Leaving pictures aside, restate exactly the lines of the data below, from the first one through the line that contains "Challenges faced and".

^^^^^^^^^^^^^^^^

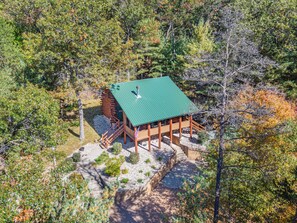 A cabin with a green roof, surrounded by trees and a gravel path. - Private Log Cabin in 10 Acre Forest (Grand Marsh)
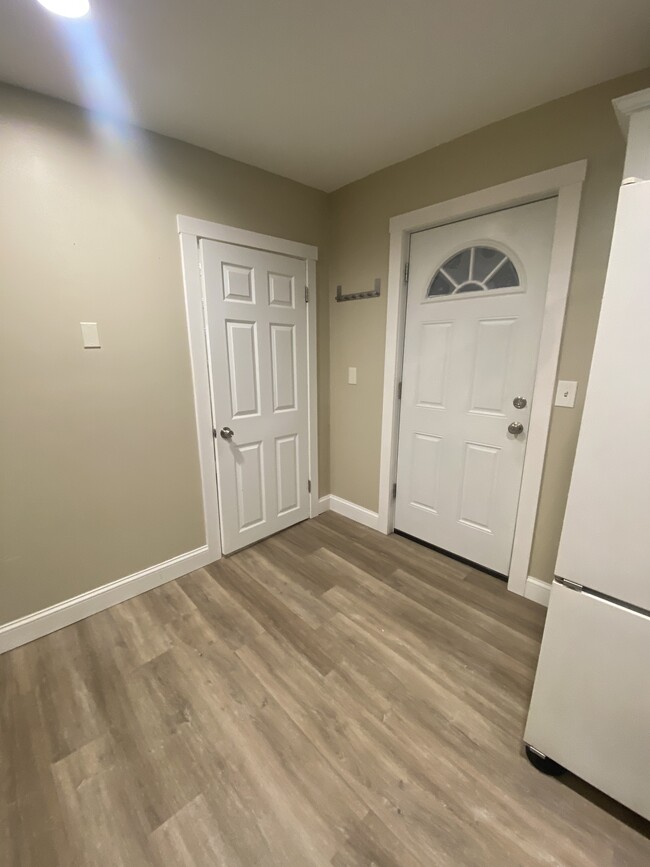 Kitchen showing backdoor and pandry droo - 365 Cold Spring Ave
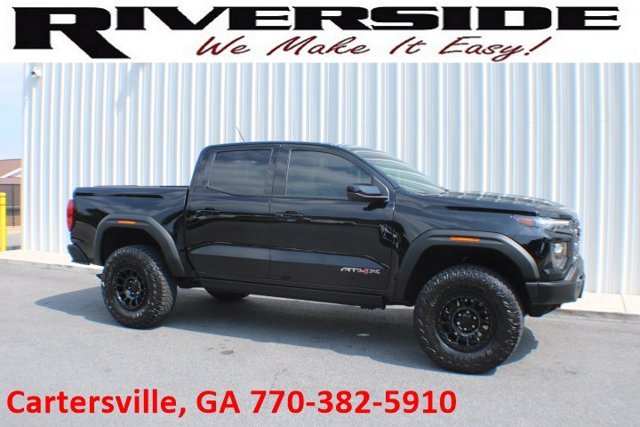 Used 2024 Onyx Black GMC 4WD AT4X image 1
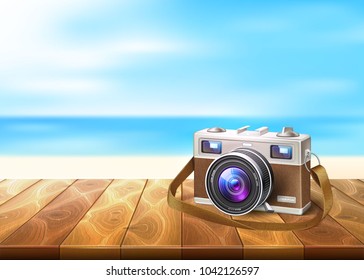 Vector realistic vintage retro film photo camera on wooden floor deck timbers walkway beach coast coastline, seaside, seashore background sand, blue sea ocean summer sky. Holiday vacation travel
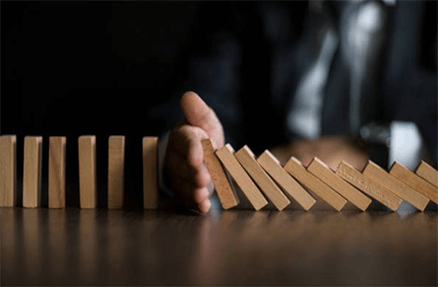 Challenges faced and how to avoid ecommerce failures-tycoonstory | tycoonstory media A person’s hand stopping falling dominoes on a table, symbolizing prevention or control of a potential problem.
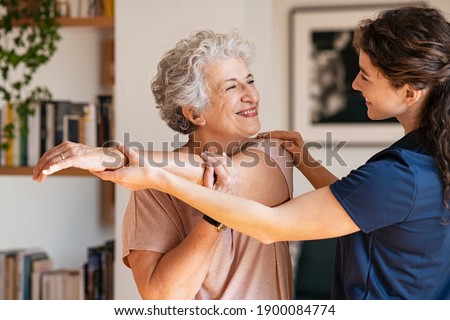 Happy senior woman doing exercise at home with physiotherapist. Old retired lady doing stretching arms at home with the help of a personal trainer during a rehabilitation session.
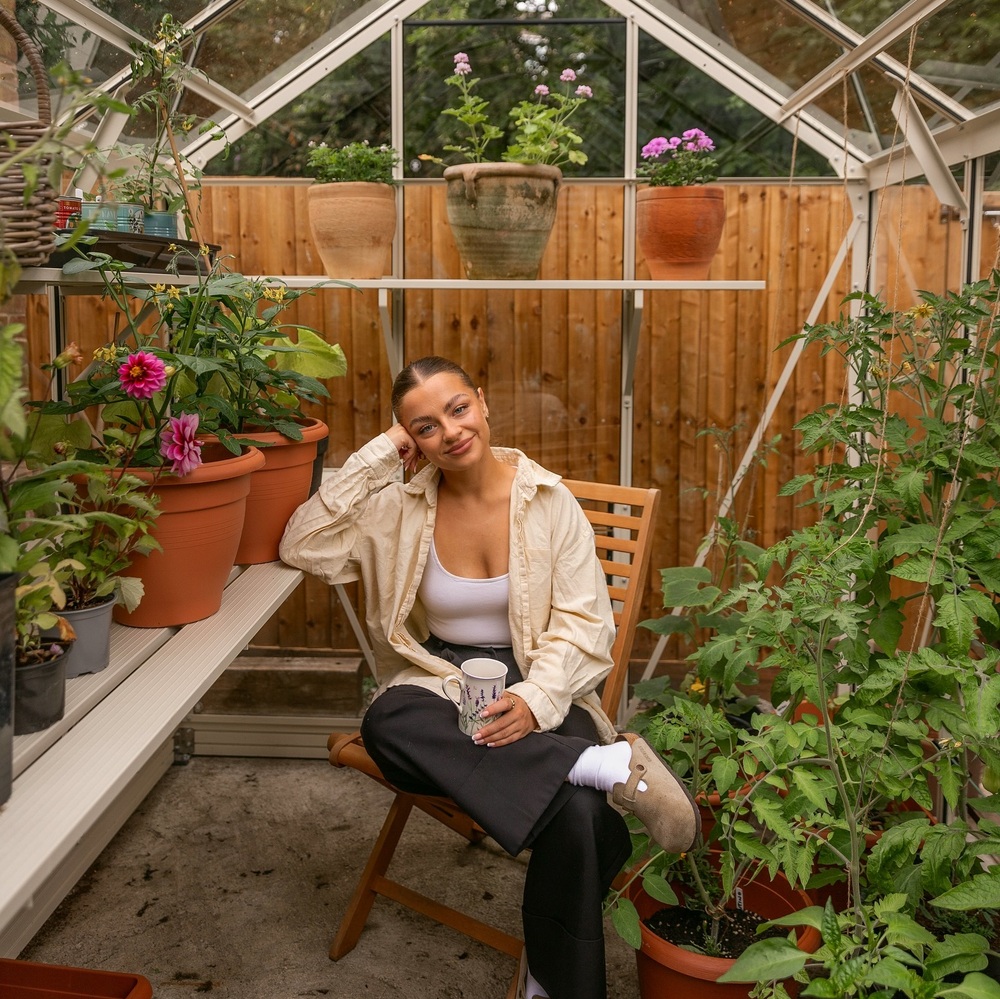 Lady seating under greenhouse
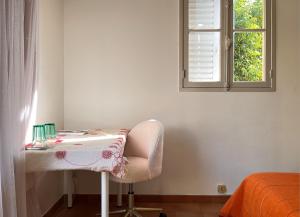 a white table with a chair and a window at Agréables Chambres Centre-Ville Aix in Aix-en-Provence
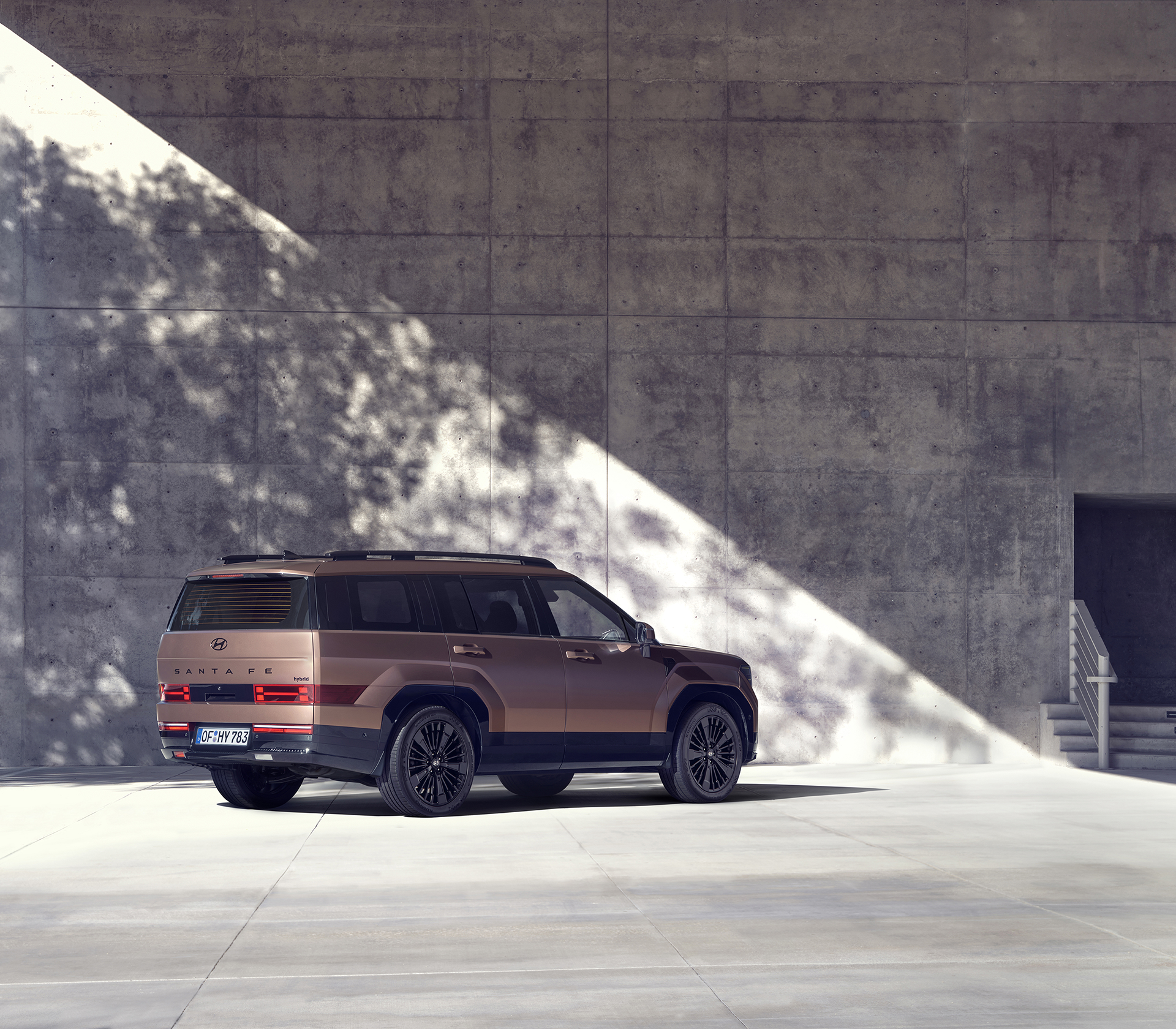 Hyundai SANTA FE schräg von hinten und der Seite vor einer grauen Mauer mit Schatten eines Baumes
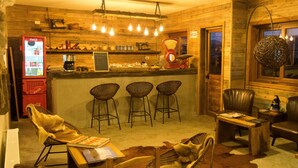 A cozy bar area with a red Coca-Cola refrigerator, wicker bar stools, and a wooden bar counter. - Hotel 381 (Panguipulli)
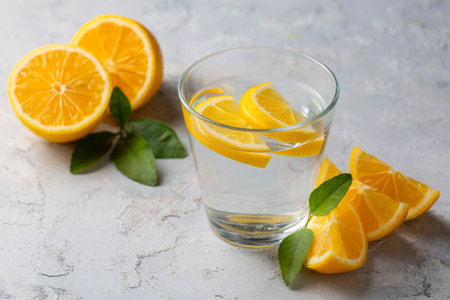 Glass of water with lemon slices - Lemon water
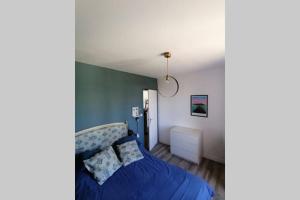 ein Schlafzimmer mit einem blauen Bett in einem Zimmer in der Unterkunft Jolie maison de vacances Noirmoutrine in Noirmoutier-en-l'lle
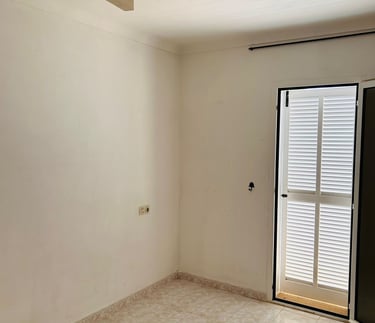 a room with a sliding glass door and a sliding glass door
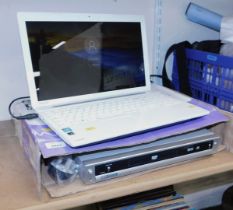 A Toshiba satellite C55-A-1R6 laptop computer, together with a 237 DVD player by Acoustic Solutions,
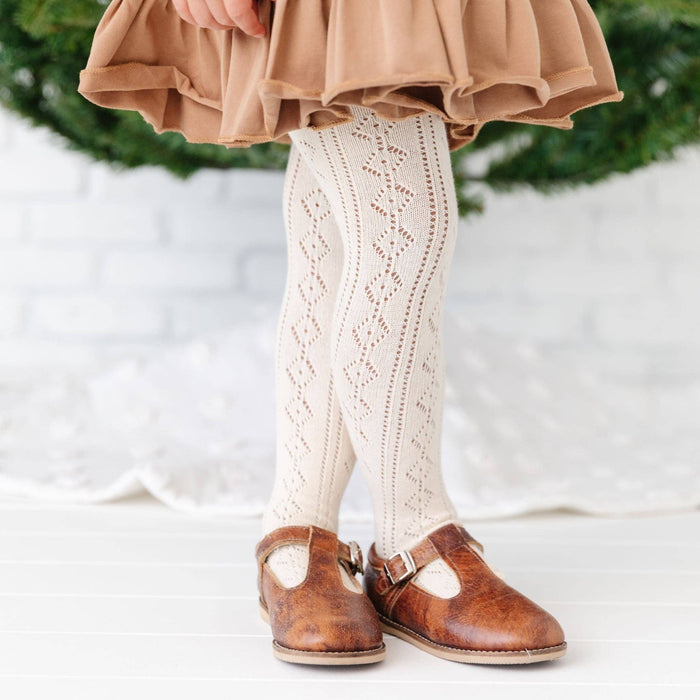 A young child wearing Little Stocking Co. Fancy Knit Tights in Vanilla stands on a white floor before greenery and a white brick wall.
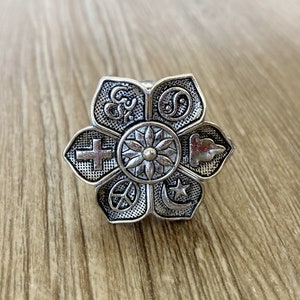 May include: Silver ring with a flower design featuring symbols of different religions, including a cross, a star, a peace sign, and a yin yang symbol.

^^^^^^^^^^^^^^^^

### RESPONSE FOR THIS EXERCISE:
 A cabin with a green roof, surrounded by trees and a gravel path. - Private Log Cabin in 10 Acre Forest (Grand Marsh)
 Kitchen showing backdoor and pandry droo - 365 Cold Spring Ave
 Used 2024 Onyx Black GMC 4WD AT4X image 1
 Vector realistic vintage retro film photo camera on wooden floor deck timbers walkway beach coast coastline, seaside, seashore background sand, blue sea ocean summer sky. Holiday vacation travel
 Challenges faced and how to avoid ecommerce failures-tycoonstory | tycoonstory media A person’s hand stopping falling dominoes on a table, symbolizing prevention or control of a potential problem.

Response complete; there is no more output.